There were exemptions, though. It allowed for emergency calls. And it allowed for calls when you had previously agreed to get them from that party.

In 2015, those assholes in congress added a provision to allow debt collection calls “owed to or guaranteed by the United States” as well. Any calls from the federal government in general are also allowed.

Along come these butt plugs from The American Association of Political Consultants, Inc., who love spamming the hell out of people with their surveys and shit. They claim their 1st amendment right to free speech is being limited by not allowing them to annoy the fuck out of all of us with cell phones wanting to talk to us about politics and shit. They argued that because the law limits calls based on content, allowing the government to make them, while these assholes can’t, versus banning all calls—this makes such a ban a 1A violation of free speech.

At one point, this scumbag also argued:

The government-debt exception confirms that Congress did not view the privacy interests here as compelling. That exception exposes 60 million Americans to unlimited calls to collect more than 4.2 trillion dollars in debt.

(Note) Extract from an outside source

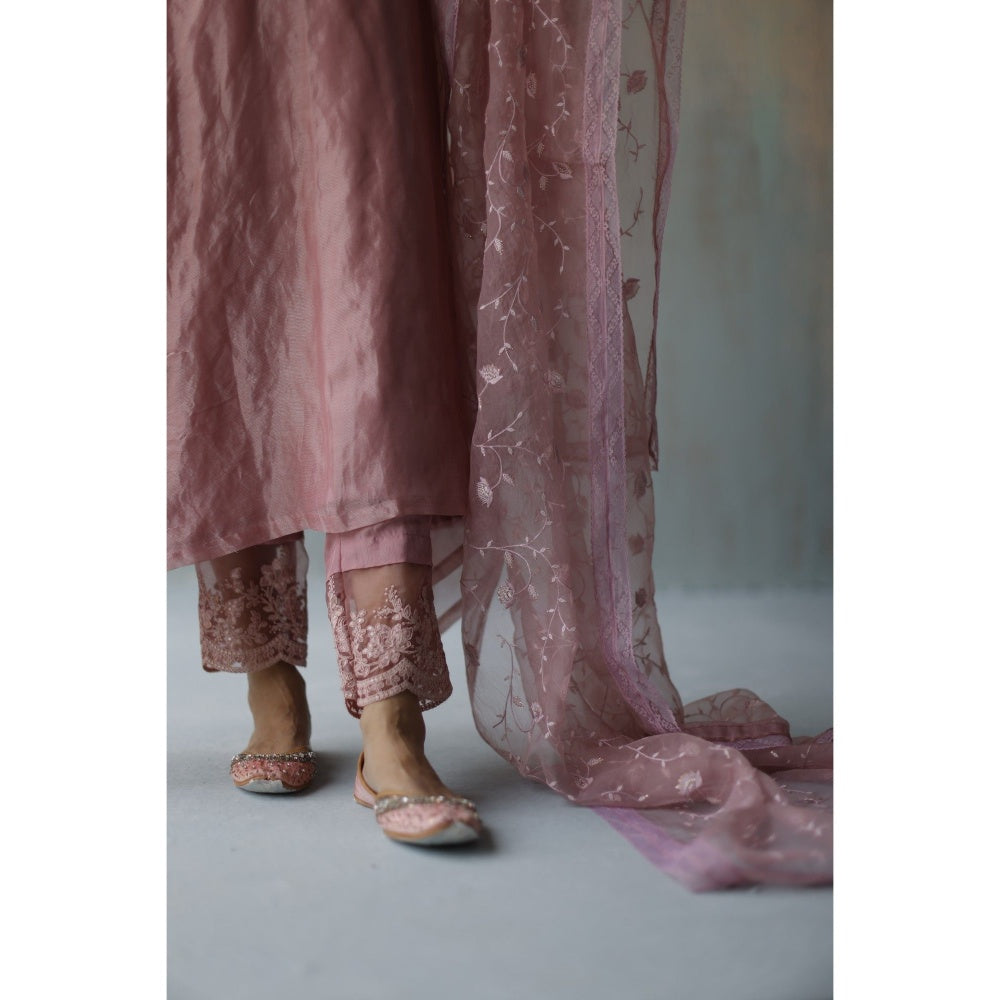 Begum Pret Mira Plum Kurta (Set of 3)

Those are the kinds of calls consumers hate the most. If Congress really thought privacy was paramount, it would not have allowed those calls.

While it’s true those are the calls people hate the most, the fact is, those people agreed to incur a debt, and agreed to allow the people who lent them money or services to collect that debt, and then they didn’t fucking pay it. I’ve been there, it’s annoying. But it’s no one’s fault but my own.

Yet these shady fuckhats want to call you and just shoot the breeze about who you plan on voting for and shit. Ain’t nobody got time for that, and I didn’t agree to that shit in advance. They also argue these calls are non-commercial, meaning they’re not trying to sell you anything. So that’s why they think it should be OK.

Both an appeals court and the fourth circuit were highly unimpressed with this bullshit argument. So here were are to determine if it’s a 1A violation or not.

In a 6:3 majority, the right-leaning justices along with Sotomayor agreed that the government-debt exception violates the 1st amendment. That the government doesn’t get to say you can be called if the debt is guaranteed by them, but restrict a private debt collector.

The interesting part, is while the government lost and AAPC won, technically, AAPC still can’t call your ass. Instead, SCOTUS ruled that this “government-backed debt collection” exemption could be struck from the law itself, while leaving the rest of the law in tact. So now, you cannot robocall for any debt collection to your cell phone, whether it’s backed by the government, or a private debt. So AAPC still can’t call your mobile phone, but neither can any other debt collector.

This is basically like when you’re a kid, and you’re mad your older brother can go out, and you can’t. So instead of letting you go out, your parents say your brother can’t either. You didn’t make your own situation better, you just made it worse for others.

Average Joe SCOTUS: Chiafalo v. Washington

Similar to Colorado Department of State v. Baca, but no longer enjoined with it, this involves faithless electors.

In Washington, as in other states, an elector is bound to vote for the winner of the popular vote in that state, and if they don’t, they can be fined $1,000.

Well, Chiafalo, despite Clinton winning their popular vote, cast a ballot for Colin Powell. Washington wasn’t amused, and levied the fine accordingly.

Chiafalo argued that it’s their first amendment right to choose whatever fucking candidate they want, regardless of what the people chose.

Lower courts sided with Washington, but Chiafalo kept insisting, so here we are at SCOTUS deciding how electors are to be managed, along with the Baca  case.

In a unanimous decision, SCOTUS decided that the states can set whatever fucking rules they want for electors. That the constitution delegated that power to the states, leaving it up to them to decide how their electors are to be managed.